Melanoma Differentiation-Associated Gene 5 (MDA5) Is Involved in the Innate Immune Response to Paramyxoviridae Infection In Vivo

Abstract

The early host response to pathogens is mediated by several distinct pattern recognition receptors. Cytoplasmic RNA helicases including RIG-I and MDA5 have been shown to respond to viral RNA by inducing interferon (IFN) production. Previous in vitro studies have demonstrated a direct role for MDA5 in the response to members of the Picornaviridae, Flaviviridae and Caliciviridae virus families ((+) ssRNA viruses) but not to Paramyxoviridae or Orthomyxoviridae ((−) ssRNA viruses). Contrary to these findings, we now show that MDA5 responds critically to infections caused by Paramyxoviridae in vivo. Using an established model of natural Sendai virus (SeV) infection, we demonstrate that MDA5^−/− mice exhibit increased morbidity and mortality as well as severe histopathological changes in the lower airways in response to SeV. Moreover, analysis of viral propagation in the lungs of MDA5^−/− mice reveals enhanced replication and a distinct distribution involving the interstitium. Though the levels of antiviral cytokines were comparable early during SeV infection, type I, II, and III IFN mRNA expression profiles were significantly decreased in MDA5^−/− mice by day 5 post infection. Taken together, these findings indicate that MDA5 is indispensable for sustained expression of IFN in response to paramyxovirus infection and provide the first evidence of MDA5-dependent containment of in vivo infections caused by (−) sense RNA viruses. The innate immune system possesses an array of sensory molecules which are purposed in detecting viral nucleic acids. Our understanding of how these molecular sensors detect viral nucleic acids continues to evolve.
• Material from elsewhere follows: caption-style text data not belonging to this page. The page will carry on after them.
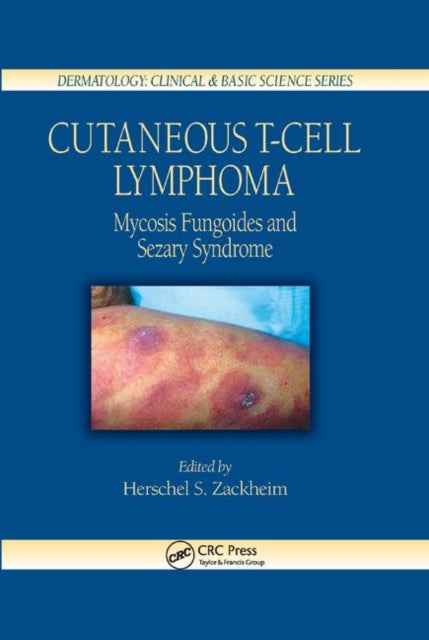 Book cover of: Cutaneous T-Cell Lymphoma. By: Herschel S. Zackheim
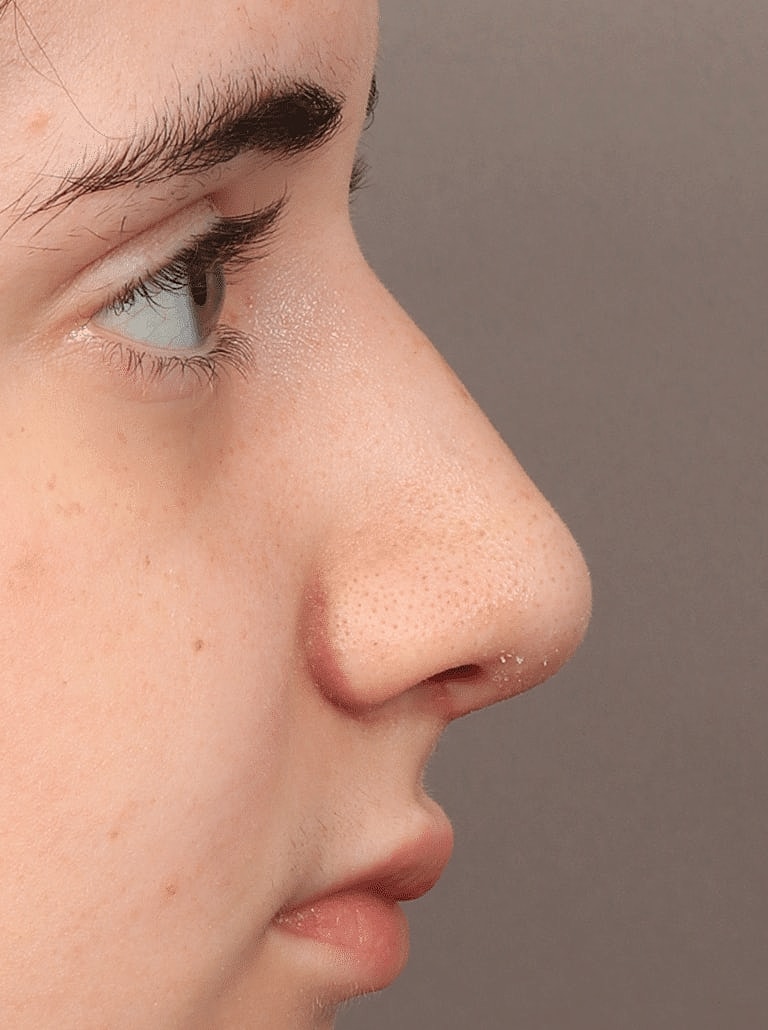 Nose Job Rhinoplasty Before & After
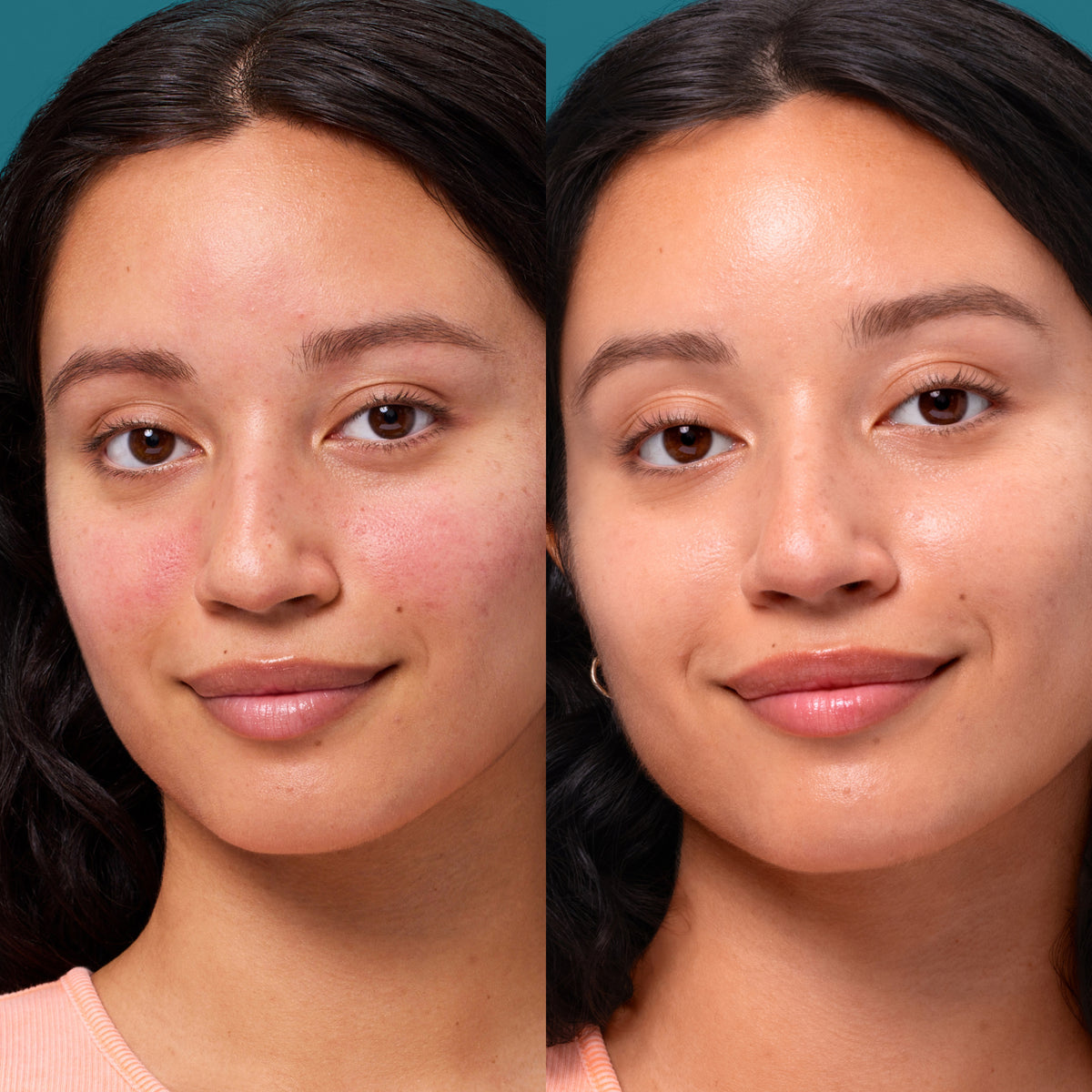 Side by side close up shot of same woman's face showcasing redness correction after using Rescue Balm Red Correct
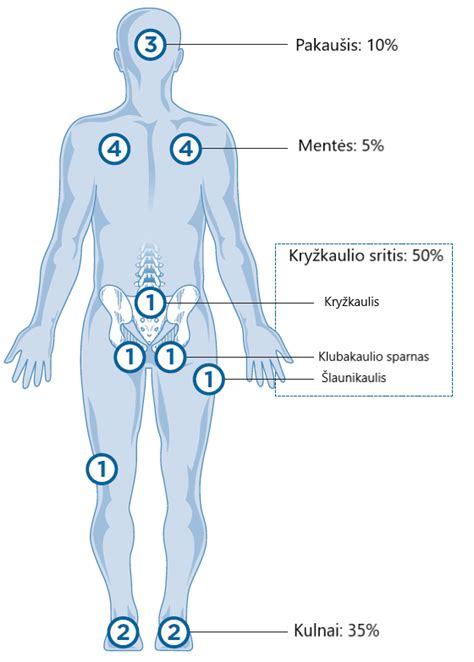 Pragulos susidarymo vietos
Herein, we demonstrate that MDA5, a member of the RIG-I-like receptor family, is involved in the detection of paramyxovirus infection in vivo. Specifically, MDA5 appears to trigger antiviral cytokines that inhibit paramyxovirus replication. In this regard, mice that are deficient in MDA5 are unable to express sustained levels of these cytokines and thus succumb to extensive viral propagation and disease. Our findings are largely discordant from previous in vitro studies using cultured cells, where it has been shown that RIG-I and not MDA5 is involved in the innate response to negative sense RNA viruses. Thus, our data provides strong evidence of MDA5-based detection of negative sense RNA viruses, and furthermore underscore the importance of organism-based analysis of the innate system.